The Story Behind the Artwork

The Story Behind Deadly Quiet

It started with a different submarine.

In the late 1990s, working with the U.S. Navy as a primary source, Stephen Rountree created a cutaway illustration of the Los Angeles-class submarine for U.S. News & World Report. The piece was the kind of detailed, technically precise visual journalism that had defined his career — work that had appeared across the pages of National Geographic, Smithsonian, WIRED, and Popular Science. The Los Angeles illustration was later selected for inclusion in the Smithsonian's Fast Attack and Boomers exhibit at the Museum of American History in Washington, D.C.

The Navy, already familiar with Rountree's process and standards from that collaboration, came back with a new assignment.


The Commission

The VIRGINIA-class was the next generation of American fast-attack submarine — a vessel capable of intelligence gathering, special operations support, and strike missions, all while remaining virtually undetectable beneath the waves. The Navy wanted an official illustration, and they wanted it done right.

The assignment carried unusual responsibility. Illustrating the VIRGINIA-class meant walking a careful line: reveal enough to convey the technology's sophistication, but never enough to compromise a mission or endanger a crew. Rountree worked directly with naval officials throughout the process. Every label, every system depicted, every cutaway detail was reviewed and approved before the piece was complete.

The process reflected the moment it was made. Digital tools in 2000 had a fraction of the capabilities they have today. Rountree carefully constructed a 3D model of the sub based on the plans the Navy provided. He then lt the model with virtual lights and rendered the whole scene, essentially capturing a digital image of the virtual submarine. The processing power of his computers 20 years ago meant that a single render would often require hours, sometimes taking all night to complete a render. He did this multiple times—once for the exterior to capture the pressure hull, and several more times to create the various interior rooms of the boat. Finally, he composited and refined every layer in Photoshop, digitally painting finishing details by hand.

The result is a combination of technical and artistic craftsmanship.


From Congress to the Fleet

The illustration ran in the April 2000 edition of All Hands — the U.S. Navy's official fleet-wide magazine. But its first distribution was more selective: printed copies went to members of Congress, military leadership, and a small circle of media and government officials.
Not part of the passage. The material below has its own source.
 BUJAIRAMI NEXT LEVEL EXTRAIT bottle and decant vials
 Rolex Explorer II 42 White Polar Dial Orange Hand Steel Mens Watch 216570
From there it traveled further than expected. The illustration was picked up internationally, appearing in newspapers and magazines around the world as they covered the story of the VIRGINIA-class program. For many readers — and many sailors — it was their first real look inside the boat.


A Place Aboard the North Carolina

When the USS North Carolina (SSN-777) was commissioned in 2008, Rountree's illustration was incorporated into the submarine's exhibit at the Battleship North Carolina Museum in Wilmington, NC, where it debuted alongside the vessel's commissioning ceremonies. Rountree was honored to be invited to present a framed edition to the submarine's first commanding officer, Captain Mark Davis, for installation aboard the boat itself.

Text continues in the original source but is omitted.